Two years ago, the state purchased a piece of property to preserve as open space at the price of $49,000 an acre. A year later it allowed a pipeline company to lease the land, part of some upland forest in the New Jersey Highlands, for less than $1,100 an acre to expand a pipeline.
The transaction is illustrative of deals involving the state Department of Environmental Protection (DEP), which have long rankled lawmakers, environmentalists and state auditors. In fact, an audit by the Office of Legislative Services (OLS) found that half of the leases negotiated by the DEP could not be validated for fair market value.
Seeking to ensure the state is properly compensated for public lands it leases to the private sector, the Senate Environment and Energy Committee yesterday began debating a bill (S-2467) to require the value of a land in conveyance with the private sector to be determined by the financial return of the intended use or the “revenue generation potential” of the land.
In the Pipeline
The bill was drafted in response to a land conveyance endorsed earlier this year by the Statehouse Commission involving a pipeline expansion proposed by the Tennessee Gas Pipeline Co. Despite protests from conservationists, the commission approved a slightly revamped lease allowing the pipeline company to build a 23-mile natural gas pipeline through two state parks and a wildlife management area in the heart of the Highlands, the source of drinking water for 5 million people.
Two state senators, who are were part of the commission, sponsored the bill taken up yesterday. One of them, Sen. Bob Smith (D-Middlesex), the chairman of the committee, said at the outset the state is potentially losing tens of millions of dollars, if not more, by not looking at future uses of conveyed land. “The question is whether the state is being fairly compensated,” said Smith, who voted against the pipeline deal.
Smith held the bill at the request of the DEP, which has created its own panel to overhaul the leasing of public lands. David Glass, deputy chief of staff for the agency, said the report is expected to be completed within three months, if not sooner.

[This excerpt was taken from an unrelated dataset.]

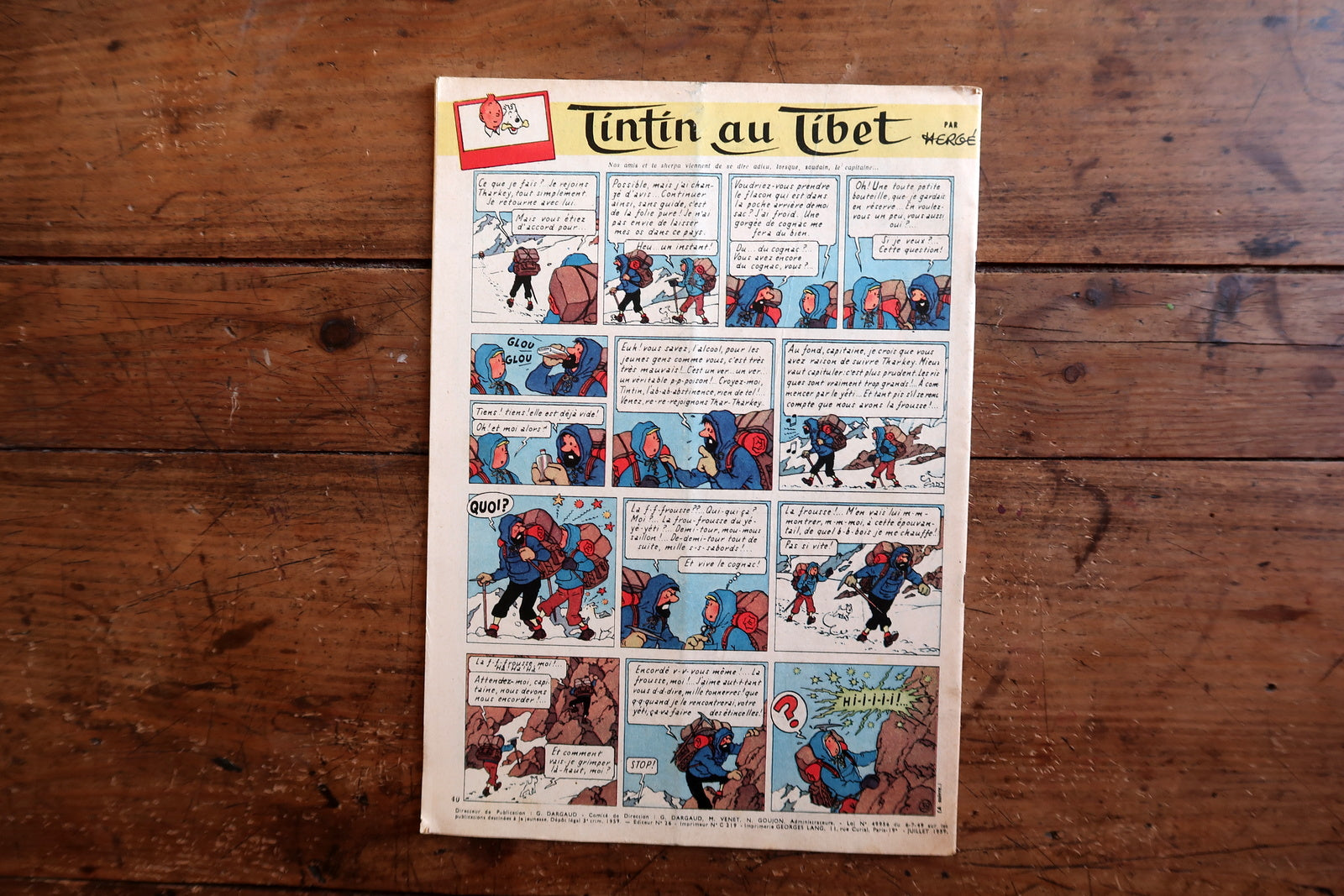 Collectible 1959 Le Journal de Tintin magazine from the golden age of Franco-Belgian comics, featuring a Western-themed cover and interior pages including Tintin au Tibet by Hergé.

“It’s on our radar and it is something we are actively working on,’’ Glass told the committee.
Smith said he would hold the bill until the committee’s March 10th meeting, but urged the DEP to come forward with any recommendations it has for changing the leasing process by then.
Others, however, urged the committee to move forward. “In all deference to the DEP, it has been part of the problem for a long time,” said Jeff Tittel, executive director of the Sierra Club of New Jersey. “I wouldn’t wait for their report,” he said.

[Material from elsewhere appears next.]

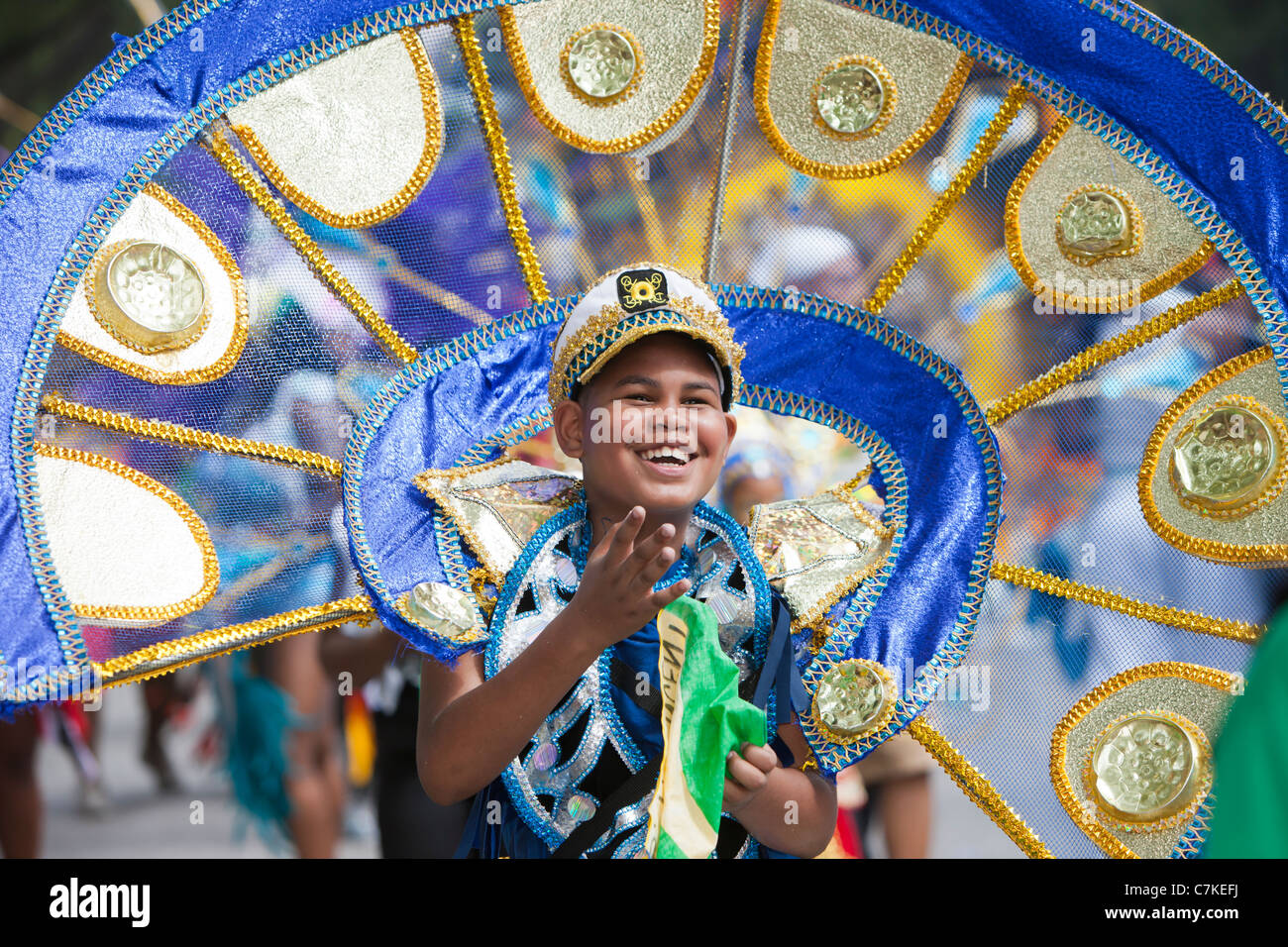 A parade participant in festive attire at the West Indian-American Day Parade in New York City. Stock Photo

Beyond not fairly compensating the state, the fact that the state does not charge companies more to lease public land leads the private sector to target public lands instead of seeking rights-of-way through private property, Tittel said.

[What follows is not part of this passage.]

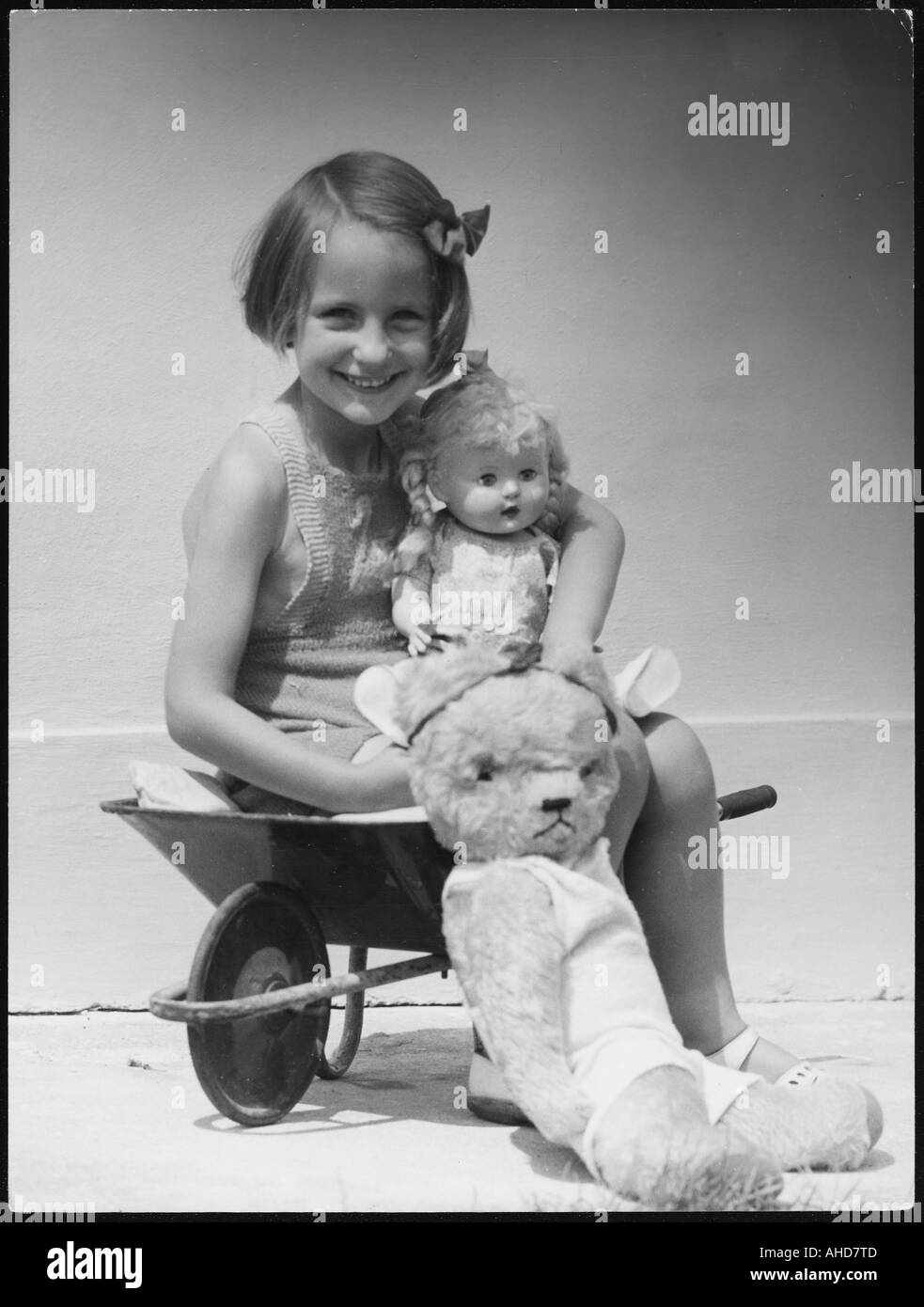 Girl With Toys 1940s Stock Photo - Alamy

“These lands were purchased by the public, for the public. The current system is broken and violates the public trust,” Tittel added. “This bill will improve the system and go a long way to restore the public trust and protect our critical open space.”
Sen. Jennifer Beck (R-Monmouth) expressed some reservations about the bill, saying if the state’s negotiations turned out to be too cost-prohibitive, it might lead some pipeline companies and utilities to defer undertaking needed projects.